Invece no. Il condottiero non assaporerà l’ebbrezza della gloria! Lascerà ad altri la mietitura degli applausi. Si fermerà in vista della meta, sospirata per quarant’anni. Come un corridore che, dopo aver condotto sempre in testa la corsa, si piana a pochi metri dal traguardo.
Gli ultimi capitoli del Deuteronomio cadenzano i tratti della tua morte con la tenerezza di un’elegia, sia pur sovrastata dalla ineluttabilità delle disposizioni divine: Sali su questo monte degli Abarim, sul monte
Nebo, che è nel paese di Moab, di fronte a Gerico, e mira il paese di Canaan… Tu vedrai il paese davanti a te, ma là, nel paese che io sto per dare agli Israeliti, tu non entrerai.
Numero degli anni a parte, mi piacerebbe proprio un tramonto come il tuo. Lontano dalle luci della ribalta. Col cuore ancora gonfio di passione per la vita. Con gli occhi fiammeggianti nel riverbero di cento ideali. E col dito puntato verso la terra dei miei sogni.
Carissimo Mosè, non so quale sia stata la tua reazione di fronte all’improvviso decreto di Dio, che ti sottraeva, di punto in bianco, la gioia di coronare una missione per la quale avevi consacrato tutta la vita.
Una cosa è certa: non ti sei ribellato. Anzi, umilmente, hai preso atto del tuo peccato di infedeltà compiuto li, a Meriba, nel deserto, quando il popolo, imbestialito per la sete, si rivoltò contro Dio e tu, in un certo senso, facesti combutta con lui.
A dire il vero, i sacri testi non precisano la natura di questa tua colpa misteriosa. Forse ti tremò la mano e percotesti due volte, invece che una, la roccia dalla quale il Signore ti disse che avrebbe fatto scaturire l’acqua. Forse la combinasti ancora più grossa. Non lo so. E non voglio indagare. Sono fatti tuoi. Certo fu l’unica tua “défaillance”, ed era giusto che la pagassi cara: un capo come te non può permettersi cedimenti in fatto di speranza!
Ti riscattasti, comunque, sulla tua colpa antica con un finale di eccezionale bellezza. Chiamasti a raccolta il popolo per l’ultima arringa appassionata, intonasti un canto di gratitudine a Dio, benedicesti ad una ad una tutte le tribù di Israele, e poi, poggiandoti sul bastone che si era incurvato sotto il peso di una vita troppo gravida di mistero, salisti dalle steppe di Moab sulla vetta della montagna. E fu lì, su quel piedistallo di granito, che ti ergesti con tutta la statura di uomo della speranza.
Ti ritornò in mente il fuoco del roveto.

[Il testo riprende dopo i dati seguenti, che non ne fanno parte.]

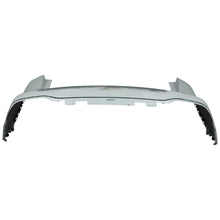 Load image into Gallery viewer, MG HS REAR BUMPER Upper Section 5 Door 2019 onwards GENUINE pn P10021180
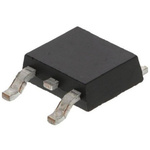 Nisshinbo Micro Devices NJM2391DL1-33-TE1, 1 Low Dropout Voltage, LOD Voltage Regulator 1A, 3.3 V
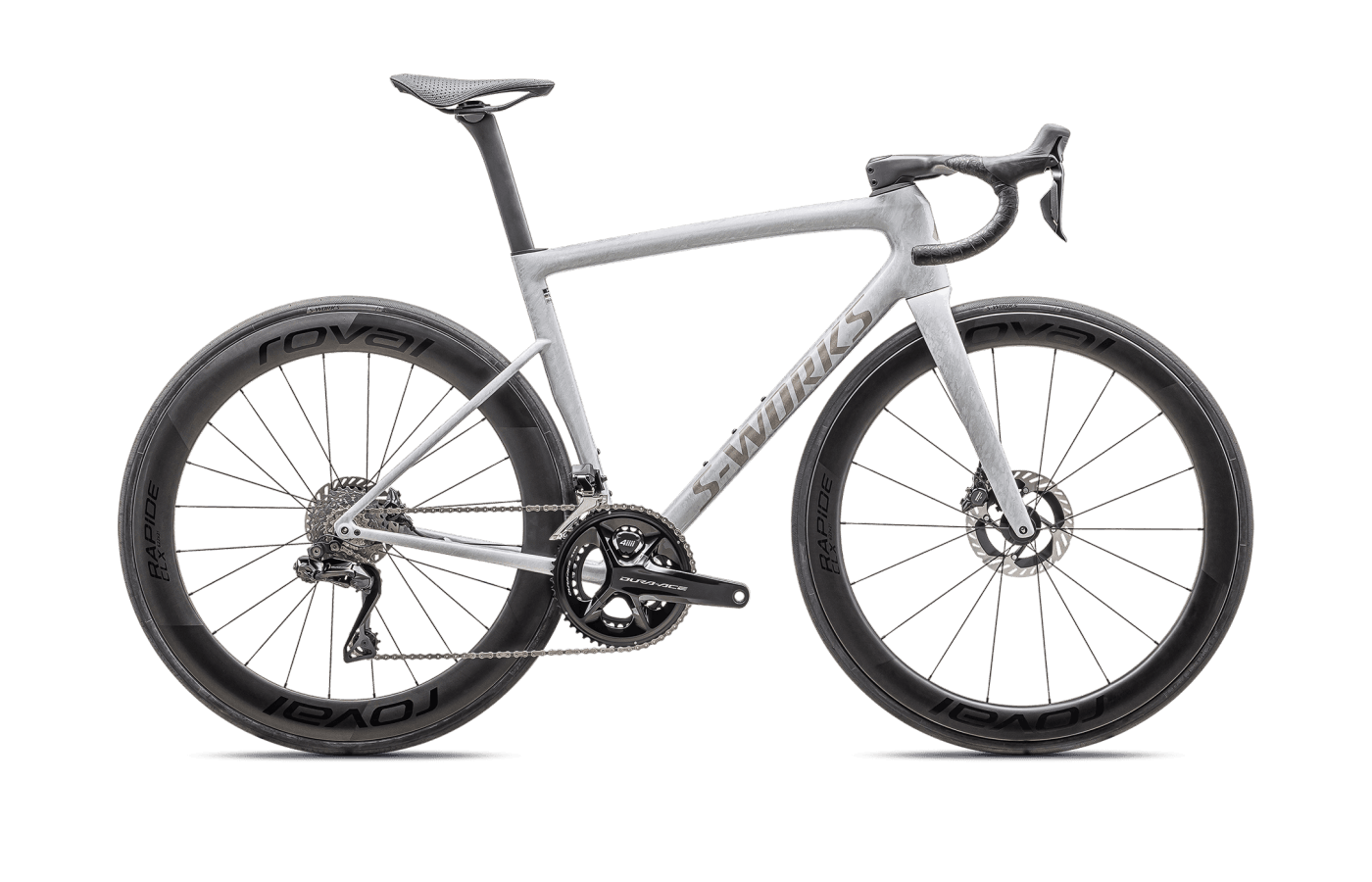 S-Works SL8 build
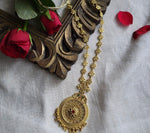 Load image into Gallery viewer, CHOLA LEGACYT PENDANT NECKLACE
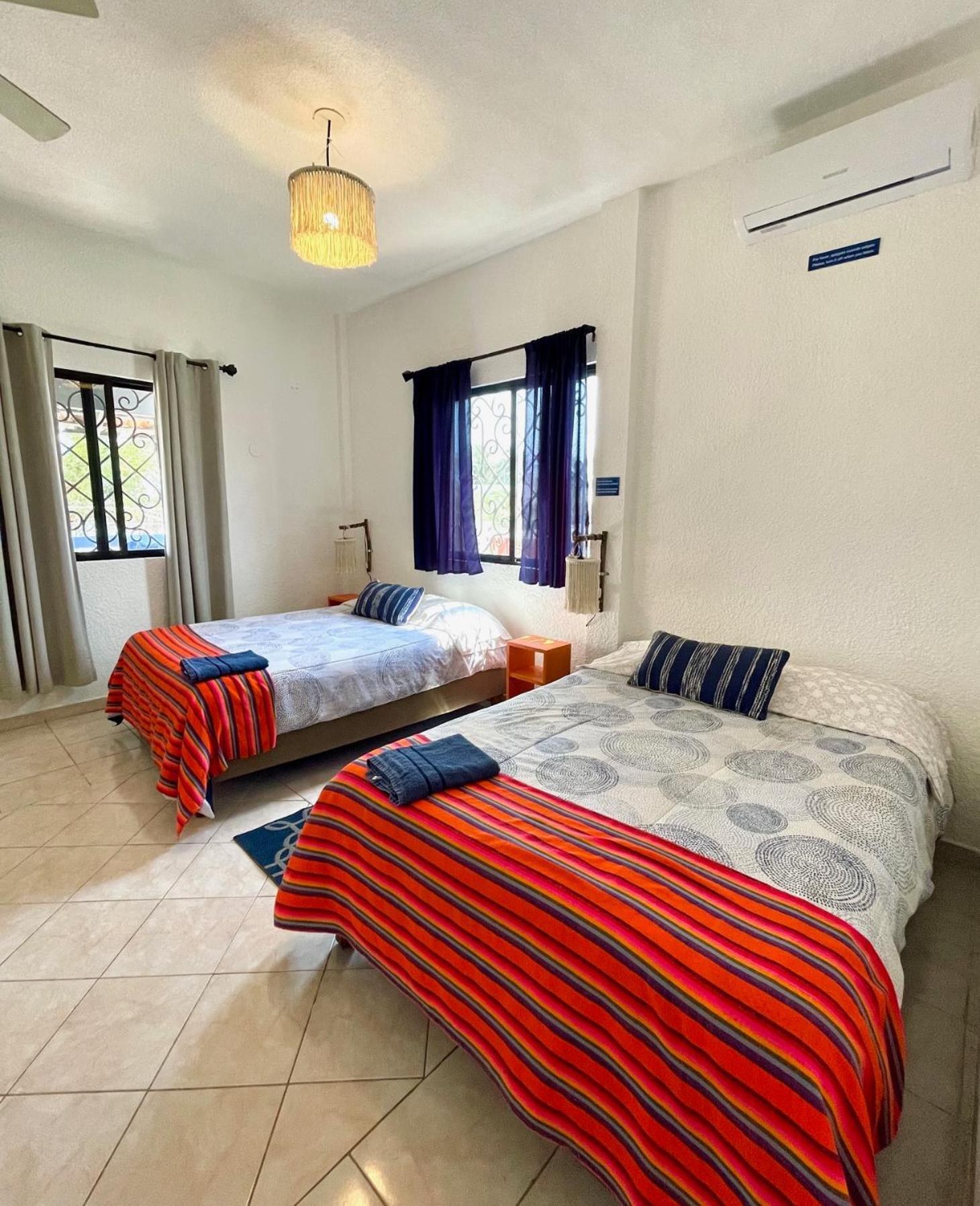 Itze Hostel Boutique - Progreso Progreso  Ruang foto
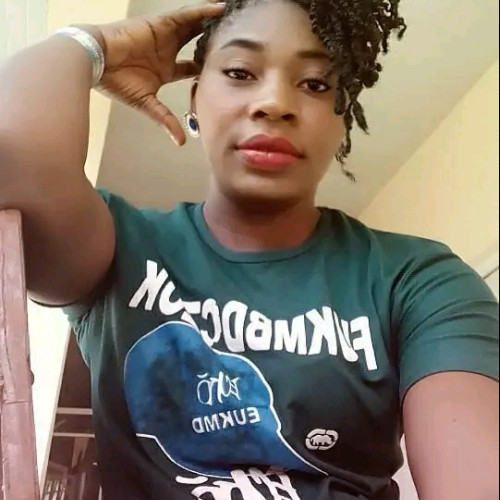 Tubolayefa D. profile photo
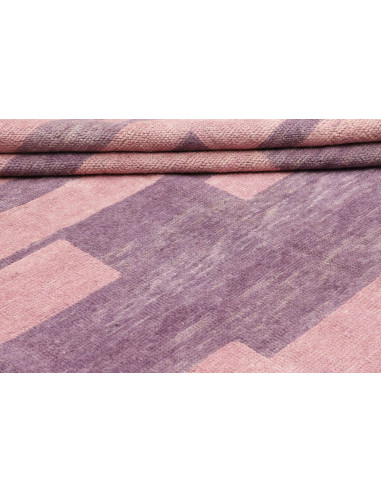 Tappeto Gabbeh Casablanca Pakistan cm.247x330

E nel crepitare di quelle fiamme rileggesti la tua vita: la chiamata da parte di Dio, la missione di liberatore del popolo, la resistenza passiva contro il faraone, il ristagno nei Laghi Amari, l’epopea del Mar Rosso, le vertigini del Sinai, i giorni fervidi dell’Alleanza, le fatiche del deserto. Ti vennero alla memoria i discorsi e i gesti con cui, per quarant’anni, avevi alimentato nel popolo la speranza della Terra Promessa…
Ora, però, dovevi troncare. Era giunto per te il momento di un altro esodo.

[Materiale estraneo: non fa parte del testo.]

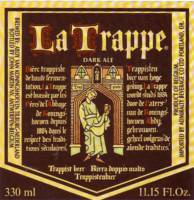 Brouwerij De Koningshoeven , La Trappe Dark Ale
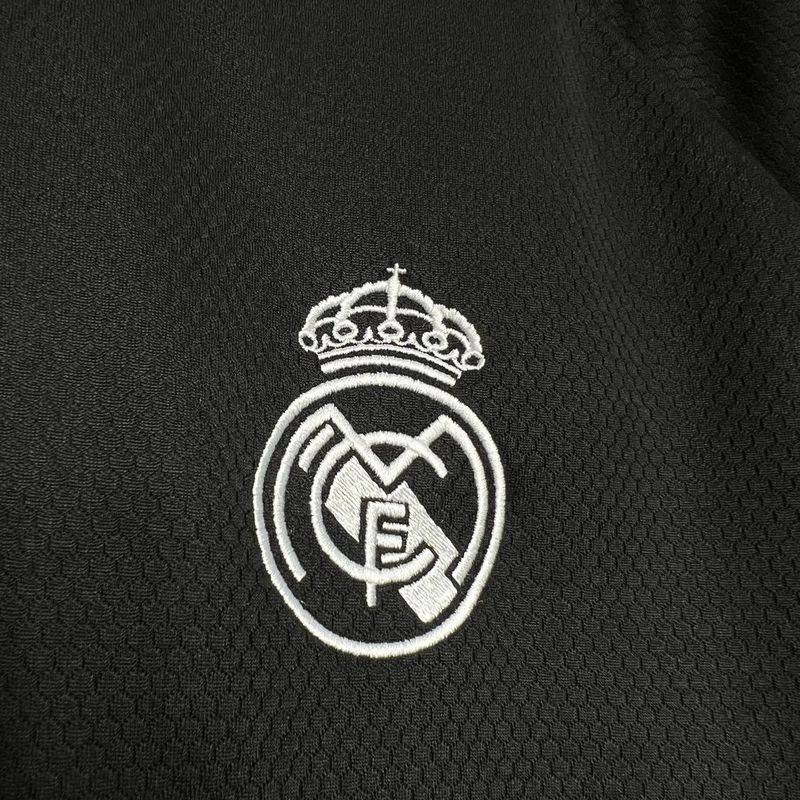 Real Madrid Portero 24/25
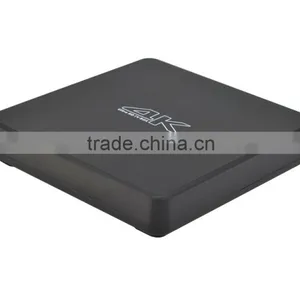KODI Octa Core Turkish Channels Google Android tv Box K8 With RK3368 Bluetooth 4.0 thumbnail-4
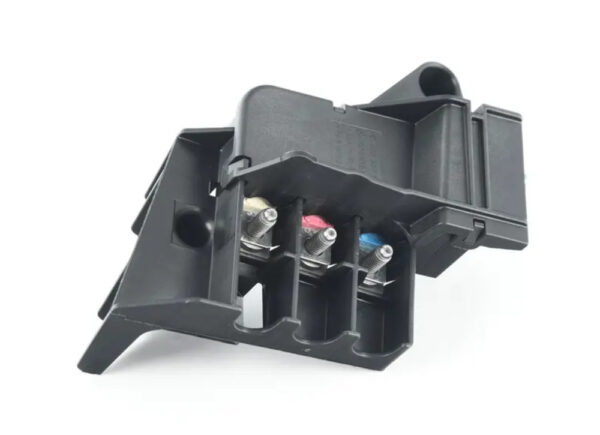 95B937517B - Porsche Macan 95B Battery Lock Clamp 95B.937.517.B 95B937517B NEW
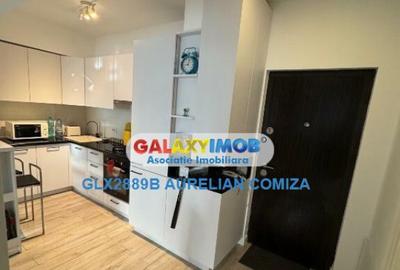 Apartament 2 camere Grozavesti Complex Novum Independentei Apartament 2 camere Grozavesti Complex Novum Independentei - 8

Ma non ti colse lo sconforto. Non ripiegasti negli spazi della delusione. Né ci fu ombra di crisi nel corrugarsi della tua fronte.
Niente paura: altri avrebbero assaporato il latte e il miele scorrenti dai monti di Giuda o dalle terre di Efraim e di Manasse.

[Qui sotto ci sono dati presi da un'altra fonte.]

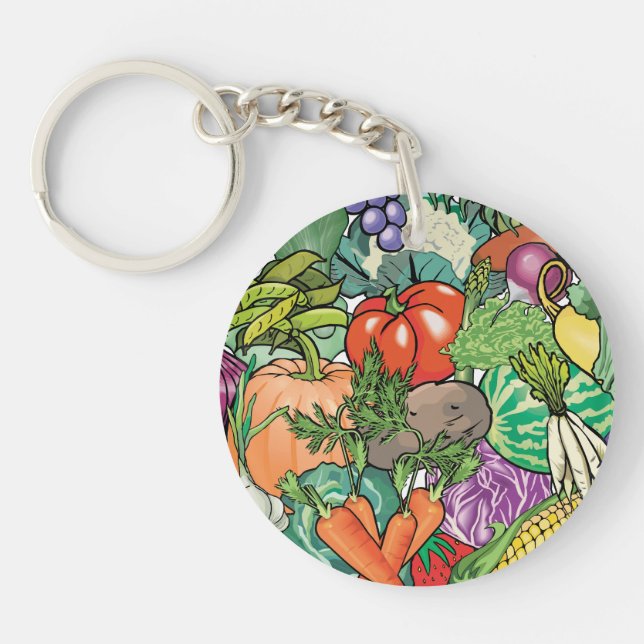 Gardener végétal (Devant)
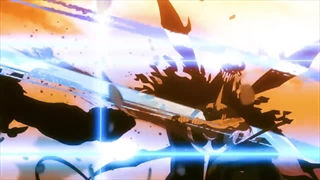 تریلر تیزر یا خلاصه فصل اول انیمه Black Clover شبدر سیاه بصورت نماهنگ 720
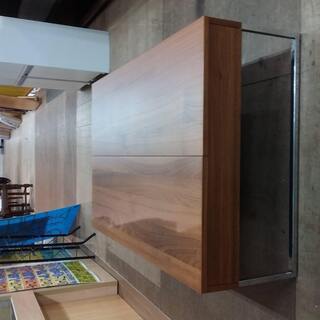 【店舗同時販売中】　ＢｏＣｏｎｃｅｐｔ　ボーコンセプト　Ｇｒａｎｖｉｌｌｅ　収納付コーヒーテーブル　　【店頭ご来店購入限定】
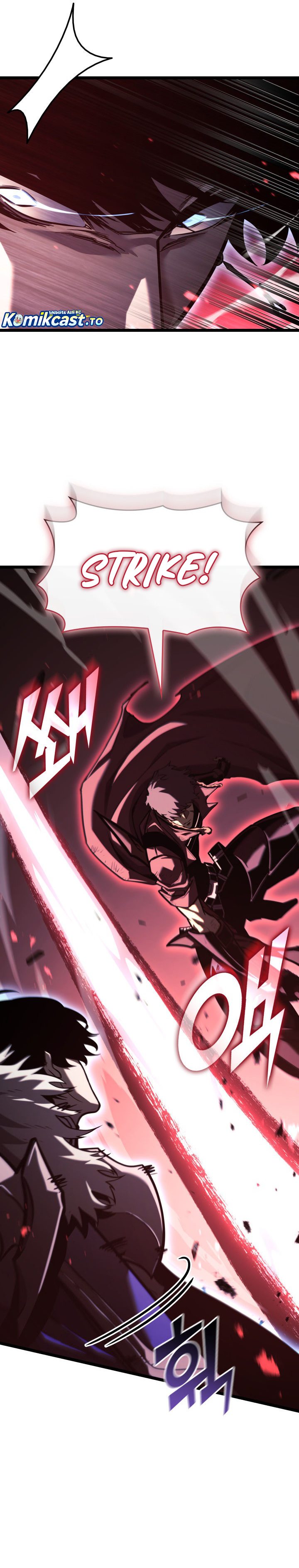 Return of the SSS-Class Ranker chapter 193 halaman 32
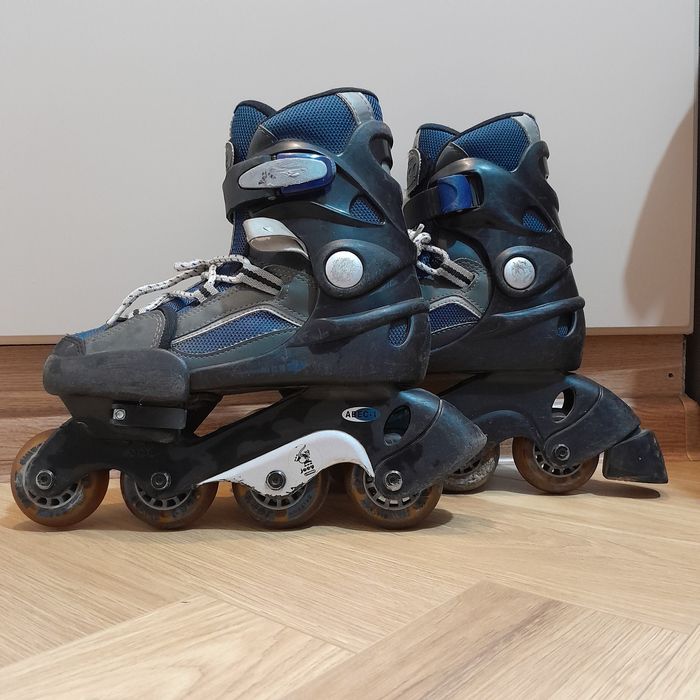 Ролики     детские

A te bastava averne fatto pregustare la dolcezza. Fu così che si consumò sul Nebo la tua estasi di terra. Come sul Sinai si era consumata la tua estasi di Dio.
E il tuo corpo, pago di contemplazioni, si adagiò tranquillo al di qua della frontiera.
Forse avrai già capito il motivo per il quale ti ho scritto: per recuperare, nella lettura dei tuoi comportamenti, lo stile che deve caratterizzare la nostra speranza.
Tu sei, infatti, l’icona di tutti coloro che non entreranno mai nelle terre promesse che hanno additato agli altri come a portata di mano. Sei il simbolo, cioè, di tutti i profeti dalla carriera stroncata.
Oggi, di questi profeti, ce ne sono tanti. Solo che spesso, a differenza di te, corrono il rischio di interpretare la stroncatura come fallimento.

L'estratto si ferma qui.